§ **Action item**: Please write out the whole listing that follows exactly; the pictures stay out.
== Segment start ==
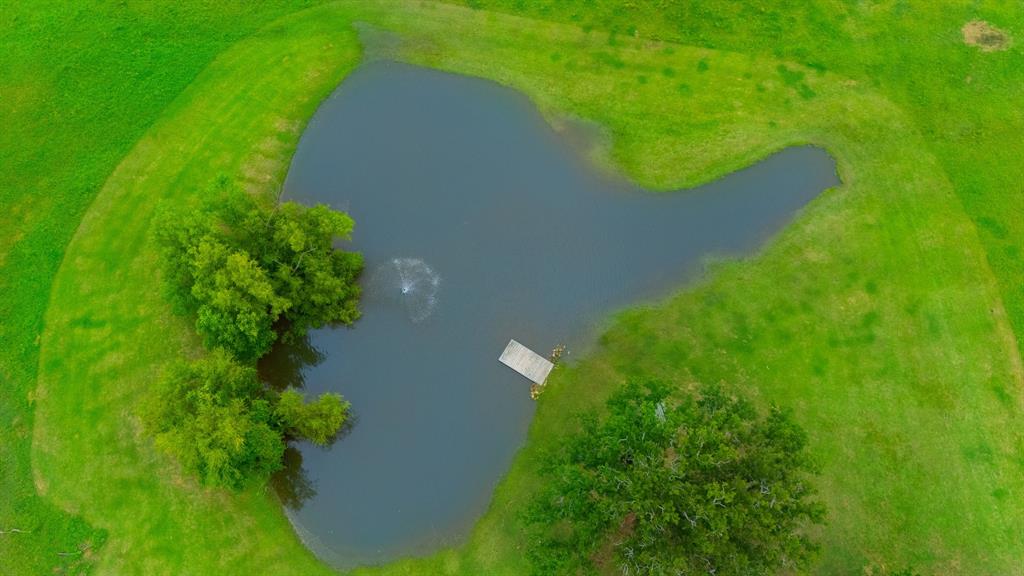 Tbd Bridle Bit Road Flower Mound, TX 75022 - Photo 8 of 24 Stocked pond with fountain and pier.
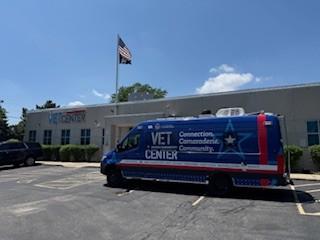 Blue van with "VET CENTER" written on side, parked in front of a building with an American flag.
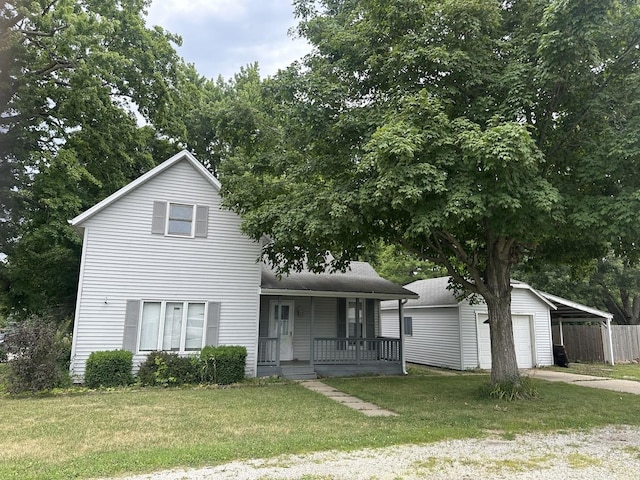 201 E N St, Saybrook, IL 61770 - traditional home featuring covered porch, a front lawn, a garage, driveway, and an outdoor structure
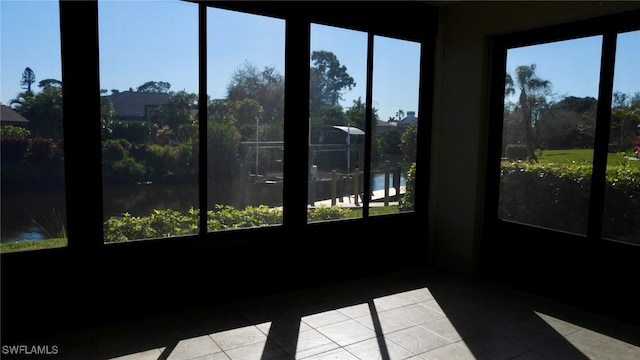 sunroom / solarium featuring a water view and a wealth of natural light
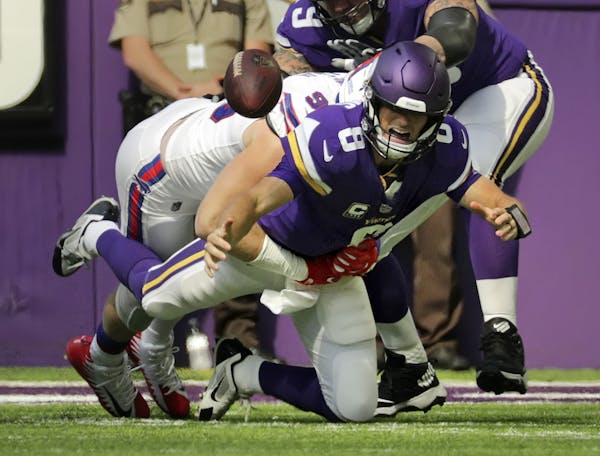 Kirk Cousins was sacked in the first quarter, a sign of bad things to come for the Vikings on Sunday at U.S. Bank Stadium.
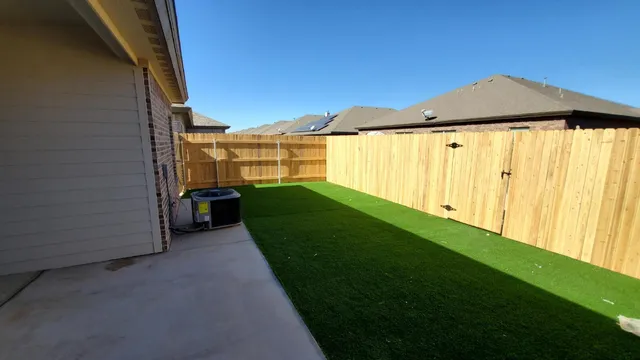 a view of a back yard of the house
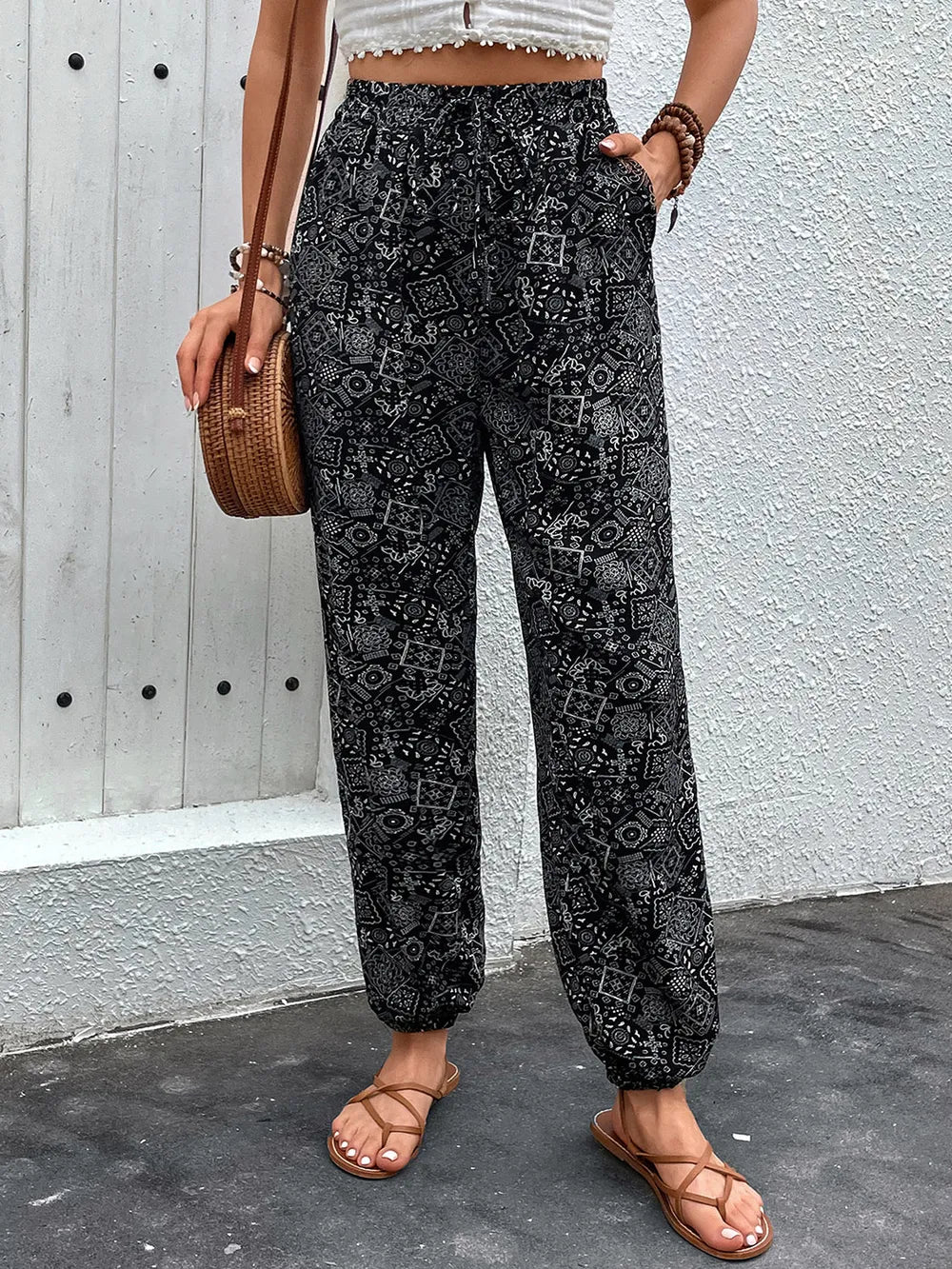 Person wearing black patterned pants standing against a light gray wall.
== Segment end ==
§ **Answer to this problem**:
 Tbd Bridle Bit Road Flower Mound, TX 75022 - Photo 8 of 24 Stocked pond with fountain and pier.
 Blue van with "VET CENTER" written on side, parked in front of a building with an American flag.
 201 E N St, Saybrook, IL 61770 - traditional home featuring covered porch, a front lawn, a garage, driveway, and an outdoor structure
 sunroom / solarium featuring a water view and a wealth of natural light
 Kirk Cousins was sacked in the first quarter, a sign of bad things to come for the Vikings on Sunday at U.S. Bank Stadium.
 a view of a back yard of the house
 Person wearing black patterned pants standing against a light gray wall.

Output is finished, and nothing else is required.